Thomas Weelkes would not have known much about Rome in the early 1600s nor would he have been aware of Monteverdi's successful synthesis of old and new. He was a busy Church of England musician whose music is distinctly "Clog'd with somewhat of an English vein". This description, employed by Roger North over a hundred years later to describe Purcell's Sonatas, is as apt for Weelkes and his generation as it was for the great 'Orpheus'; the vein is clogged with the same infusion, that of an unusually enterprising and timeless affinity to counterpoint. This shows, above all, that England - if not entirely oblivious of the ultimate importance of the new Baroque - had its own sense of values and destiny according to a national temperament, one which found continental histrionics and emotional outpourings rather embarrassing.

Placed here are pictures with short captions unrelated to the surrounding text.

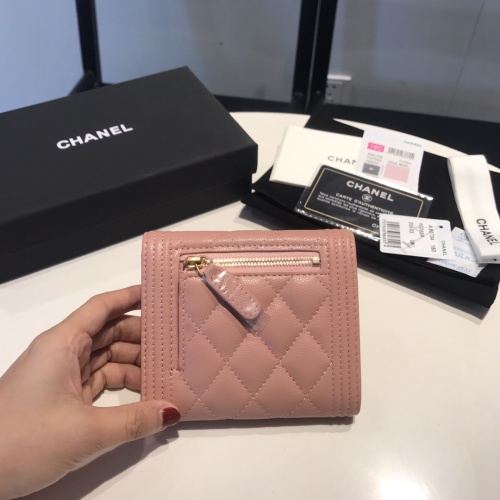 Replica Chanel AAA Quality Wallets #1049512 $92.00 USD for Wholesale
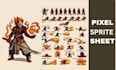 design pixel art sprite sheet character animation pixel sprite sheet rpg maker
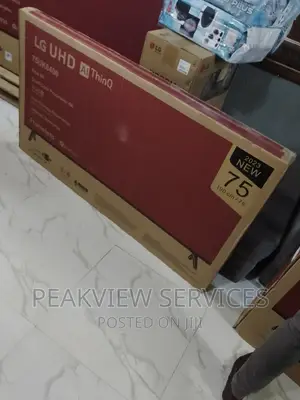 LG 75 Smart Tv (75UK6400)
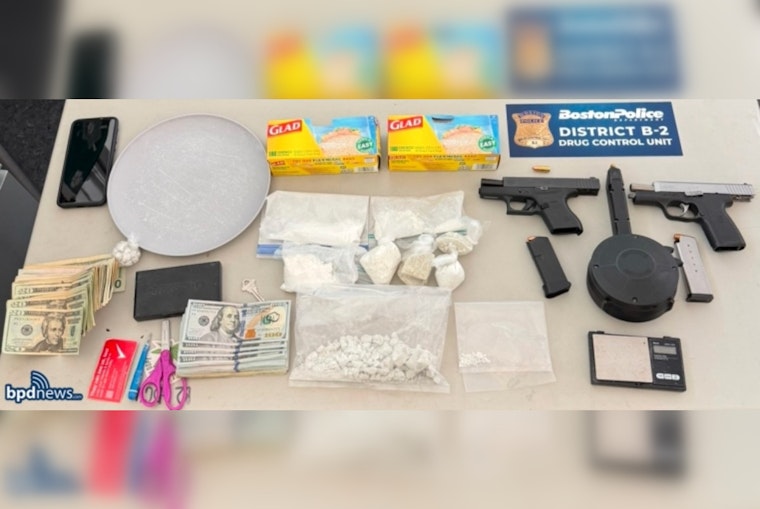 Dorchester Man Charged with Drug Trafficking and Firearm Offenses After Raid Reveals Cocaine, Guns
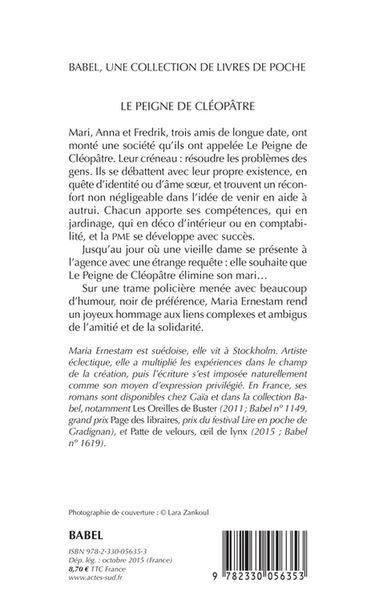 Produktbild: Le peigne de Cl&eacute;op&acirc;tre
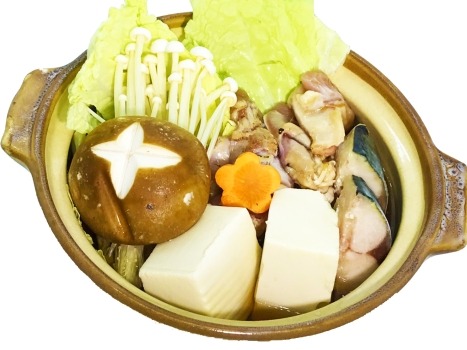 「ハイスコアガールコラボカフェ」日高家の鍋！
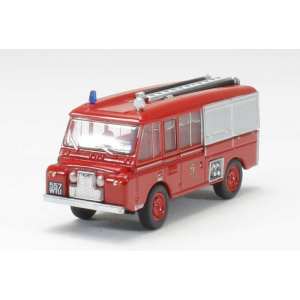 1/76 Land Rover FT6 Carmichael Cheshire County Fire Brigade 1961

So, no opera in England. Nevertheless, enough changes were afoot at the turn of the seventeenth century, as Elizabethan culture drew to a close, for Weelkes to realise that he was operating in a world of transition and he took advantage of it. The power of representing words and images, central to the Italian baroque ethos, was not lost on those composers involved in lute-song and particularly madrigal writing. The fact that Weelkes, Gibbons, Dowland, Byrd, Wilbye, and Tomkins were not at the forefront of the latest Italian innovations is irrelevant: they had a taste of the expressive devices which could illuminate texts, although textual images were more compelling than merely setting words in the abstract world of English counterpoint. This is born out in Weelkes's exquisitely focused and atmospheric sacred madrigal When David heard.

If Weelkes stands slightly apart from his contemporaries then it is because he was perhaps the nearest the English got to a 'dare-devil'. The traits of the boldest compositions of his 1600 madrigal collection dig surprisingly deeply into the baroque psyche without ever drawing on specific 'baroque' practices: impetuosity, restlessness, a love of bold and startling symbolism, concentrated gestures, and an ambition for large structural coherence - all characteristics which would have found a natural home fifty years later. But when the madrigal soon, and ironically for Weelkes, became an anachronism he willingly turned his attention to the church, committed as he was to the bastion of counterpoint. However tempting it is to think of an innovator stifled by the conservatism of his age, the relatively experimental devices in the madrigals are surprisingly unintegral to Weelkes's musical style. He was never particularly responsive to words; as Hosanna to the son of David and Alleluia! I heard a voice display, his music is essentially driven by sonorous textures and an engagingly direct desire to set a text with the minimum of fuss. At its best, his fertile imagination engages us in its virility and a thrilling organic growth. At his least inspired, his melodic lines can appear pedestrian and strangely austere and unambitious. This honest cross-section of Weelkes's church output conveys a flawed genius but one with a capacity for invention and individuality without which his fin de siècle would be the poorer.